Elle concrétise l’interdisciplinarité entre l’histoire, l’archéologie et l’anthropologie et d’autres disciplines des SHS et des sciences de la nature annoncée il y a deux ans.
Elle a permis par ailleurs, d’ouvrir des perspectives et des connaissances nouvelles qui sont intégrées dans les cursus de formation en Master pour les étudiants : création d’une spécialité Ecologie Historique Comparée dans le Master recherche « Cultures et Sociétés » en partenariat avec l’Université de Géorgie (USA) et le département de Biologie de l’UPPA évaluée favorablement pour 2007-2010. Un futur partenariat est en attente de l’application très prochaine du LMD aux universités espagnoles notamment avec l’Université Publique de Navarre à Pampelune (projets de co-accréditations en cours de négociation).

Cet axe a produit des connaissances croisées qui rendent compte des permanences des constructions sociales dans la longue durée.
Les opérations de recherche successives sur la question du pastoralisme valident une activité bien présente qui a contribué sinon à la construction des territoires du moins à la mise en relation de ceux-ci, entre secteurs de plaines et de montagne depuis l’Antiquité. Des ensembles spatiaux assez marqués à l’intérieur du territoire ont été identifiés dès la période antique : un peuplement diversifié caractérisé par la permanence de zones liées à un système agro-pastoral qui s’adapte à un nouveau système d’exploitation représenté par la villa romaine ; La coexistence entre ces formes de peuplement exprime la diversité de rythmes et de dynamiques sociales et économiques existants à l’intérieur d’une même microrégion, expliquant les imbrications des formes qui structurent les activités agricoles de montagne, aujourd’hui.
Ainsi, les marquages et les héritages étudiés montrent des relations fortes anciennes entre sociétés et milieux physiques, et met en évidence la pertinence d’une approche en termes d’écologie historique afin de relier les responsabilités humaines d’hier avec celles d’aujourd’hui de repérer les expressions culturelles et identitaires capables de structurer l’avenir.
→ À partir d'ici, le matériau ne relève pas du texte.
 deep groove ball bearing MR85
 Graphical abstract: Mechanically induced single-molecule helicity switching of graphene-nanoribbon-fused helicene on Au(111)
Cette approche a permis à l’équipe ou à des membres de l’équipe d’inscrire une opération de recherche dans un projet ANR – Agriculture et développement Durable, (Responsable Benoît Dedieu), de collaborer dans un autre projet ANR « Modelespace ». Modélisation spatiale des sources du prélèvement foncier préindustriel : Textes, graphes, SIG. Responsable Florent Hautefeuille FRAMESPA Toulouse de collaborer dans un projet PSRD, et enfin d’être associé au programme LTER (USA) 2008-2014.
La mise en œuvre effective depuis trois ans de l’Accord de coopération International avec l’Université de Géorgie (USA) par la recherche a permis comme il a été dit, d’ouvrir une spécialité Ecologie Historique Comparée dans le Master Recherche « Cultures et Sociétés ».
Les chercheurs de l’équipe, une étudiante en thèse d’anthropologie, (co-tutelle franco-américaine avec l’Université de Géorgie, USA), plusieurs étudiants de Master recherche dont cinq de la spécialité Ecologie Historique Comparée, ont contribué aux opérations de recherche portant sur le pastoralisme, le parcellaire, les hiérarchies de famille, les communaux, les opérations de construction des territoires.